= Exercise objective =
All lines from the one containing "Odsłonięto pomnik gen." through the last line of the listing below are to be copied exactly. Exclude the pictures.

◇ ◇ ◇ ◇

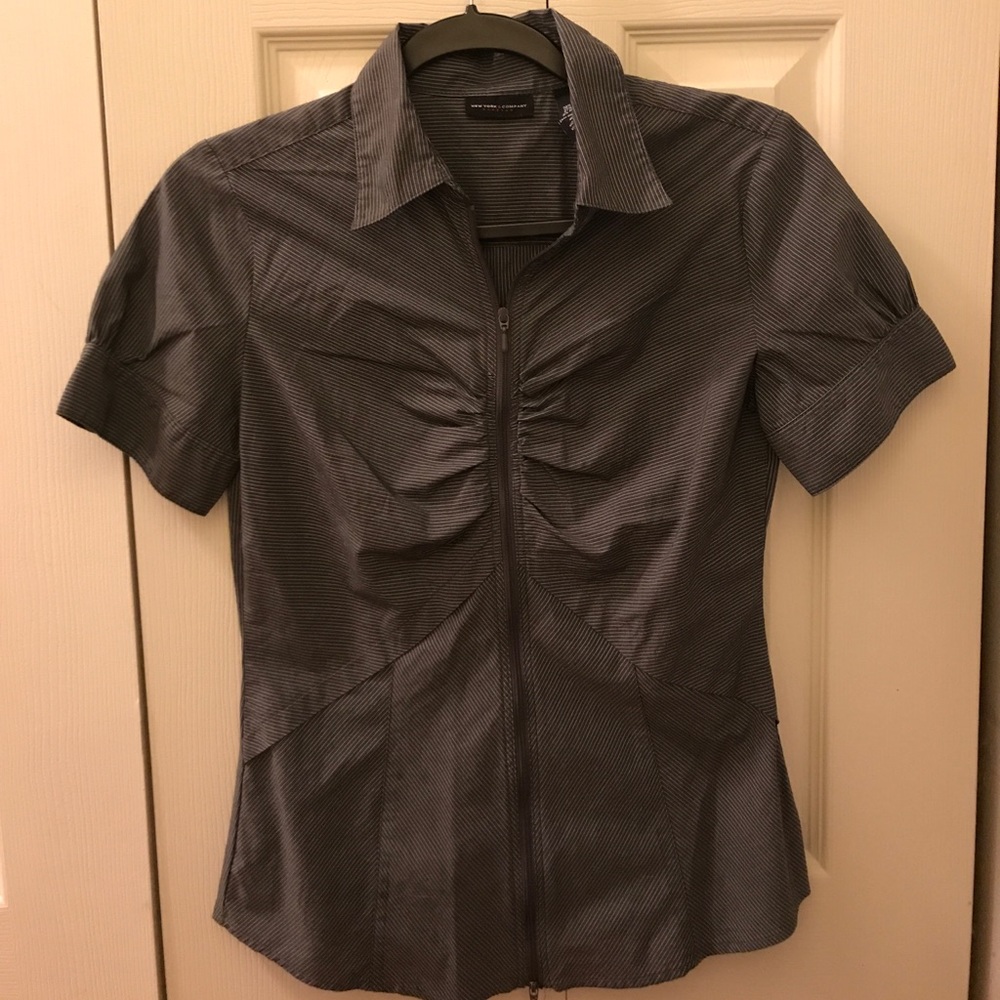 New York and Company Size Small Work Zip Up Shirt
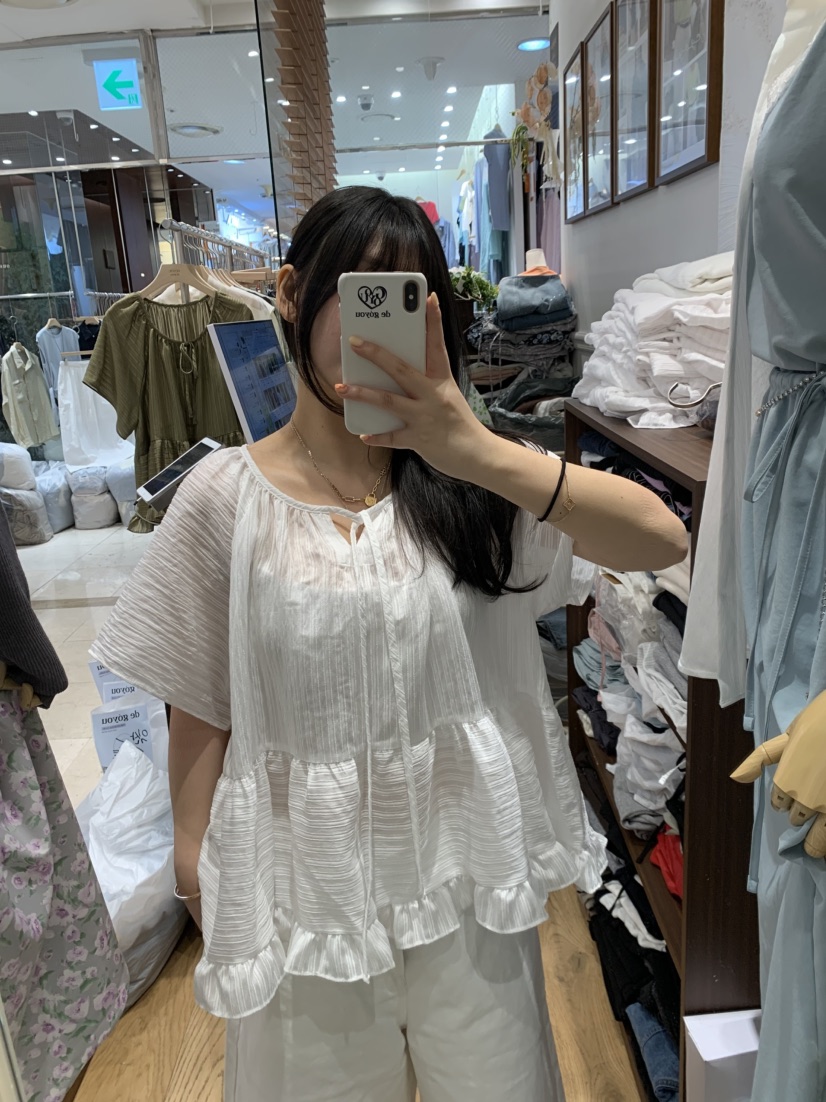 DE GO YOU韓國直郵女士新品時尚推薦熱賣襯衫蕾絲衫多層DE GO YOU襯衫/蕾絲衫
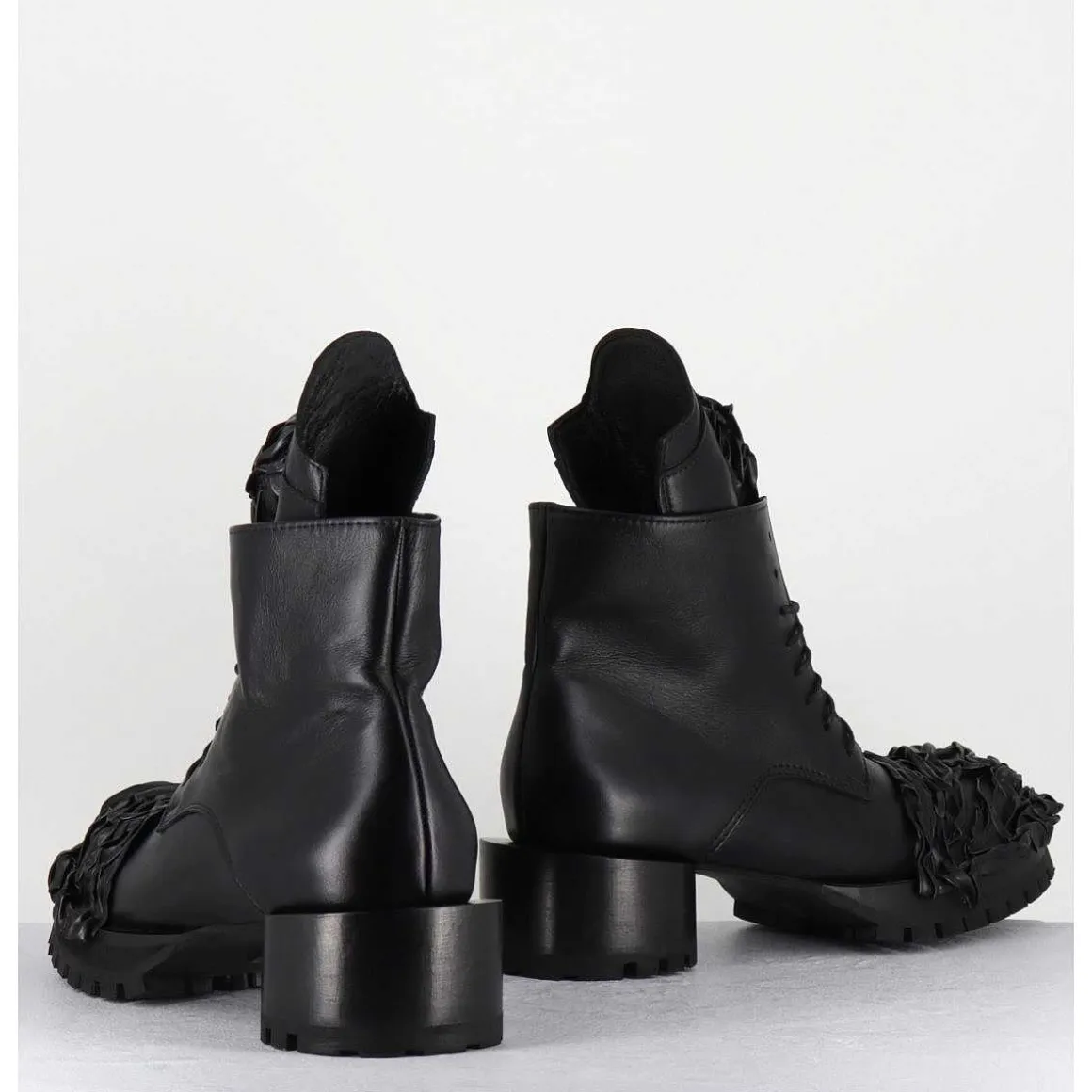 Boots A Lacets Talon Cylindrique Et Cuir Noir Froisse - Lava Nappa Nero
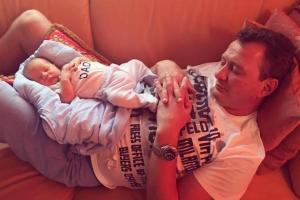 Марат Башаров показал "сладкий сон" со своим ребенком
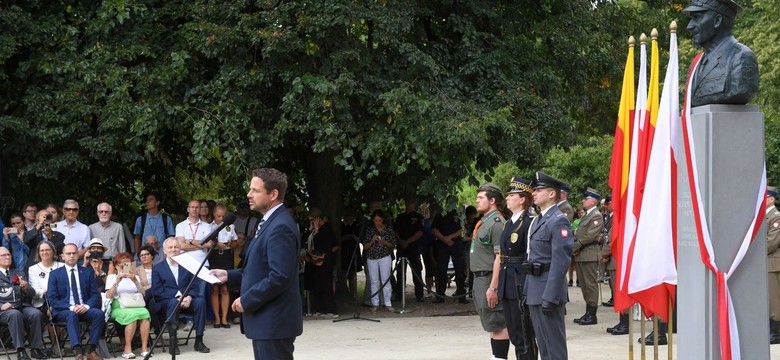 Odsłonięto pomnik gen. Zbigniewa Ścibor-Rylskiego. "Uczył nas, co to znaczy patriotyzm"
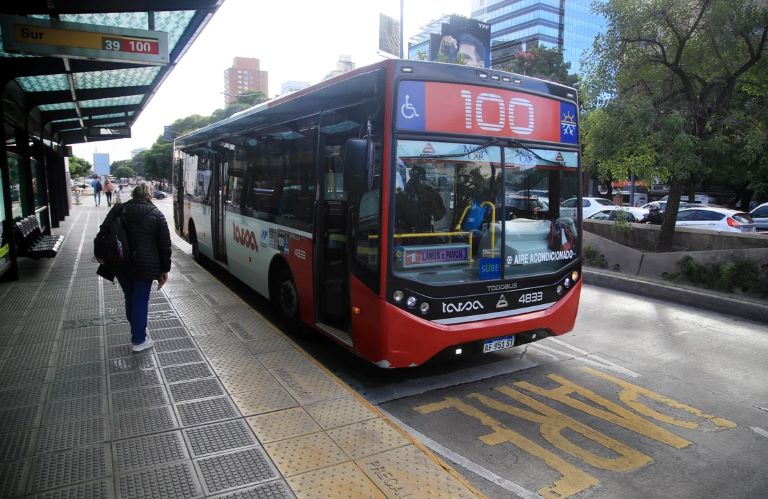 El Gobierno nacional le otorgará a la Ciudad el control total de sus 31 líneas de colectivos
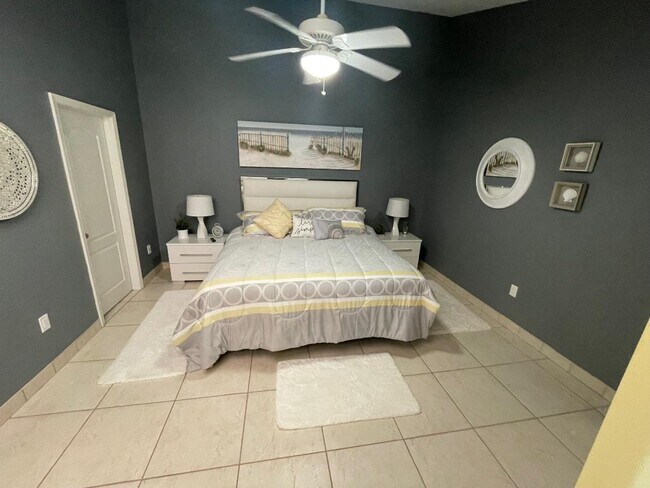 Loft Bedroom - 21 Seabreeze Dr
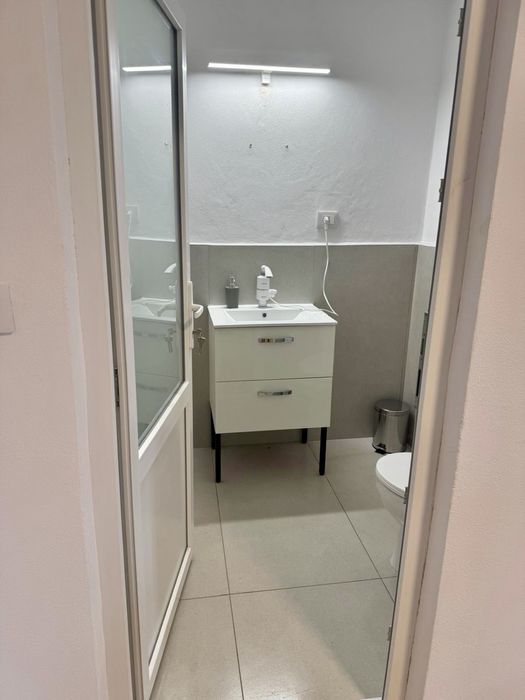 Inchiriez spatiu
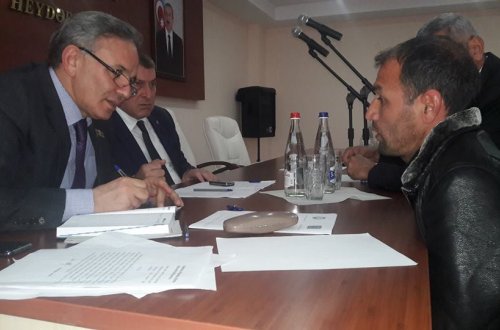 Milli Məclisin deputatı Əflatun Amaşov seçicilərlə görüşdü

◇ ◇ ◇ ◇

= Problem solution =
 Odsłonięto pomnik gen. Zbigniewa Ścibor-Rylskiego. "Uczył nas, co to znaczy patriotyzm"
 El Gobierno nacional le otorgará a la Ciudad el control total de sus 31 líneas de colectivos
 Loft Bedroom - 21 Seabreeze Dr
 Inchiriez spatiu
 Milli Məclisin deputatı Əflatun Amaşov seçicilərlə görüşdü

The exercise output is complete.